Digest weirdness

Xen · November 17, 2023, 9:58pm

What’s going on here?

require "digest/sha256"

class Summer < IO
  @count = 0
  getter digest : Digest::SHA256

  def initialize(@io : IO)
    @digest = Digest::SHA256.new
  end

  def read(slice : Bytes) : Nil
    raise IO::Error.new("can't read from this")
  end

  def write(slice : Bytes) : Nil
    @digest.update(slice)
    @io.write(slice)
  end
end

im = Vips::Image.new_from_file("test.png")

summer = Summer.new(File.open("test5.png", "w"))

im.write_to_target(summer, ".png")

puts summer.digest.hexfinal
puts Digest::SHA256.new.update(File.read("test5.png").to_slice).hexfinal

Why is it outputting two different hashes, they’re created from the same data?

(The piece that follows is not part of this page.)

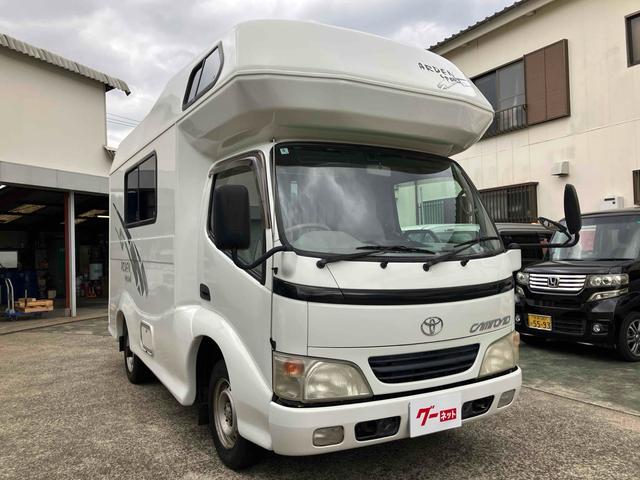 TOYOTA CAMROAD BASE GRADE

jgaskins · November 18, 2023, 12:00am

Does it change the output if you close the file for writing before reading it on the last line?

jgaskins · November 18, 2023, 12:12am

The reason I ask is that it may not have written the last chunk to disk before reading the file’s contents on the last line, in which case the hashes might not actually have been created from the same data. Closing the file will flush the file’s output buffer before closing — File in Crystal is an IO::Buffered, plus your filesystem likely has its own kernel-level buffers to flush.

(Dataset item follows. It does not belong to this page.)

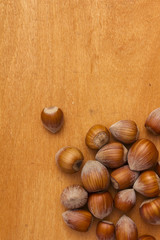 Hazelnuts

syeopite · November 18, 2023, 10:32am

Are you using a C binding that depends on an another SSL library like BoringSSL? I’ve experienced some weird behaviors from the stdlib digest functions because of that before.

Xen · November 18, 2023, 11:10am

Indeed, that’s the case. Adding in a strategically placed close fixes the problem.

But without the close, the last chunk is never written, but left broken. Shouldn’t some finalizer run when the program ends and flush out any buffers?

jgaskins · November 18, 2023, 4:07pm

This happens with kernel-level filesystem buffers, but the Crystal IO::Buffered buffers won’t be flushed automatically. The finalize method on an IO will close it, but that’s called by the GC, which I don’t think is called on program exit. This might be a good argument for it to do that, though.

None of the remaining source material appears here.